Summary of "At War's End: Building Peace After Civil Conflict"

 

Summary of

At War's End: Building Peace After Civil Conflict

By Roland Paris

Summary written by Eric Brahm, Conflict Research Consortium


Citation: Paris, Roland. 2004. At War's End : Building Peace After Civil Conflict. Cambridge, U.K. ; New York, NY: Cambridge University Press.


In the post-Cold War world, it has been a widely held assumption amongst scholars and policymakers that the sure prescription for peace after civil conflict is the rapid implementation of liberal democracy and market-oriented economics. In this thought provoking work, Roland Paris argues that this Wilsonian approach, as he calls it, is unsubstantiated and a look at the empirical record suggests, at worst, that liberalization has just the opposite effect.
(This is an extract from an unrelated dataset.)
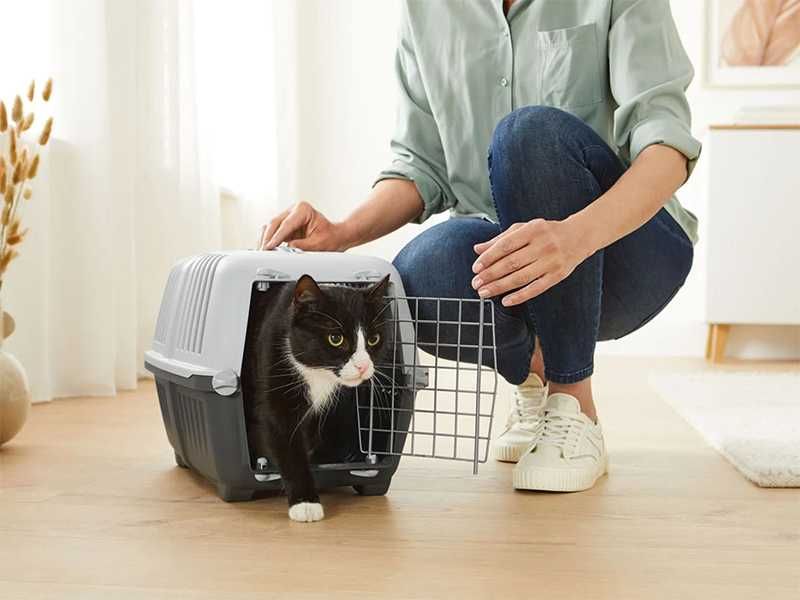 НОВИ! Транспортна клетка кутия за домашен любимец до 10кг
While not suggesting any countries are worse off for having UN peacebuilding operations, the empirical record suggests greater caution as to assertions about the liberal peace thesis. Although liberal market-oriented democracies may be more peaceful, the transformation process is fraught with danger.
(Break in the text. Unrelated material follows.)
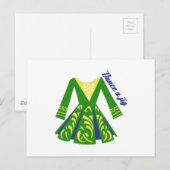 Dance a Jig Briefkaart (Voorkant / Achterkant)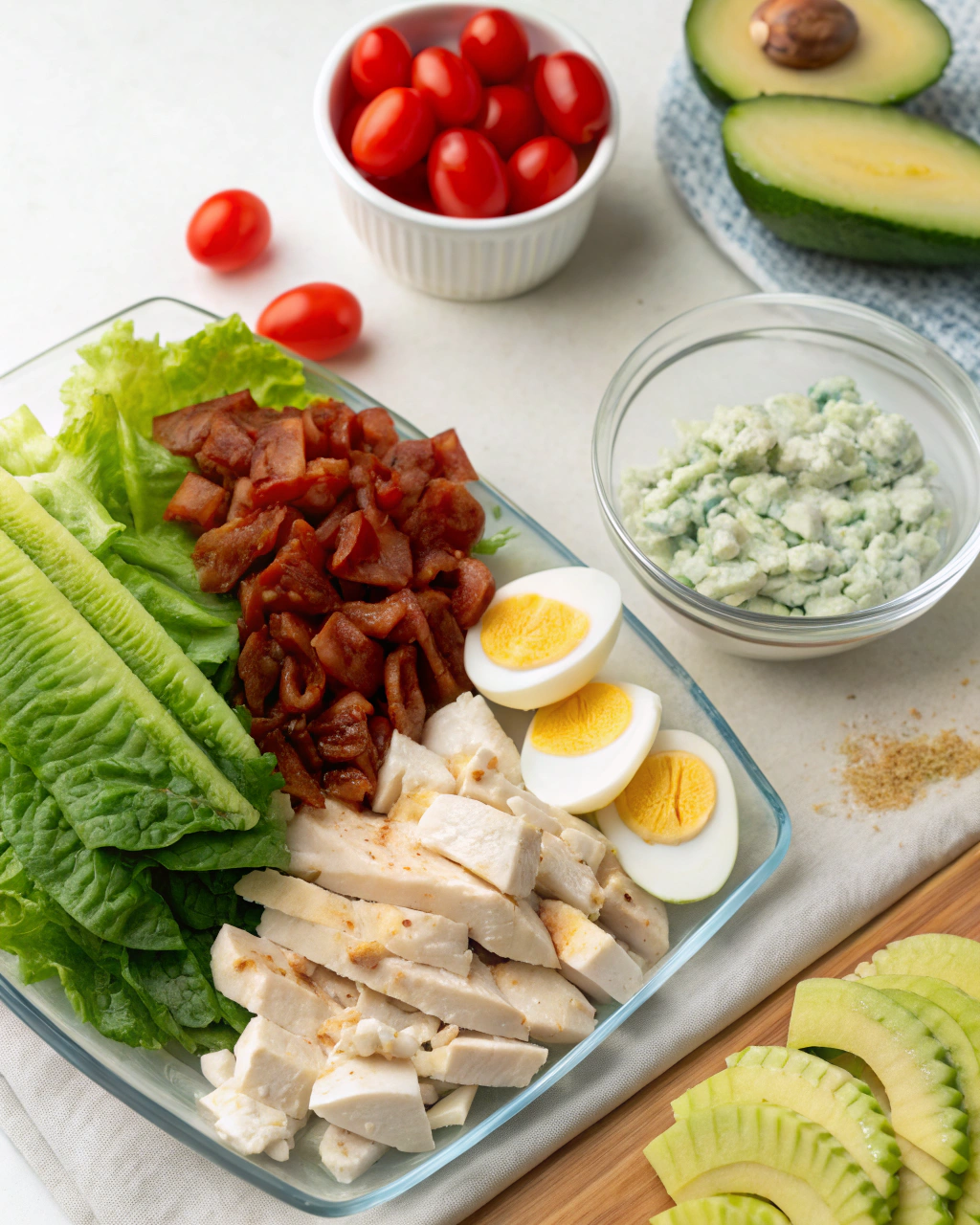 The mighty Cobb Salad Ingredients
Paris tests these claims against the eleven UN peacebuilding operations deployed between 1989 and 1998. He begins with Angola and Rwanda, the clearest examples of peacebuilding failure. In both cases, rather than democratic reforms promoting pacifying tendencies, electoral loss and distrust of powersharing arrangements pushed combatants back onto the battlefield. In Cambodia and Liberia, although initial elections gave reason for optimism, the new governments quickly reverted to anti-democratic practices as electoral competition soon spilled into deadly conflict. Lessons from the Balkans are similarly disheartening. In Bosnia, democratization brought extremists to power, which were only tempered by Western meddling. Croatia's significant success can be attributed more to the fact that one side, the Serbs, largely fled the country rather than to the benefits of democratic and economic reform. In the Central American cases of Nicaragua, El Salvador, and Guatemala, the record is more mixed. For the moment, democratic development appears to be in good shape as former combatants have not returned to violence after suffering electoral defeat. At the same time, economic liberalization appears to be recreating the very sources of the prior conflict. Marketization has exascerbated inequality within each of the states, which has fueled soaring crime rates. This in turn has led to growing calls for the military to step in and restore order. Finally, while Namibia and Mozambique are clear successes, Paris argues this does not entirely vindicate the Wilsonian paradigm. Both conflicts were in significant part fueled by external forces (Rhodesia and South Africa) so the complications of former combatants living side-by-side were minimized. Both also face potential problems in the future as some see Namibia becoming a one-party state and Mozambique facing rising economic inequality and a growing crime problem. While considering it premature to make definitive conclusions on Wilsonianism, Paris concludes that "the case studies do suggest that the liberalization process either contributed to a rekindling of violence or helped to recreate the historic sources of violence in many of the countries that have hosted these missions - a conclusion that casts doubts on the reliability of the peace-through-liberalization strategy as it has been practiced to date." (155)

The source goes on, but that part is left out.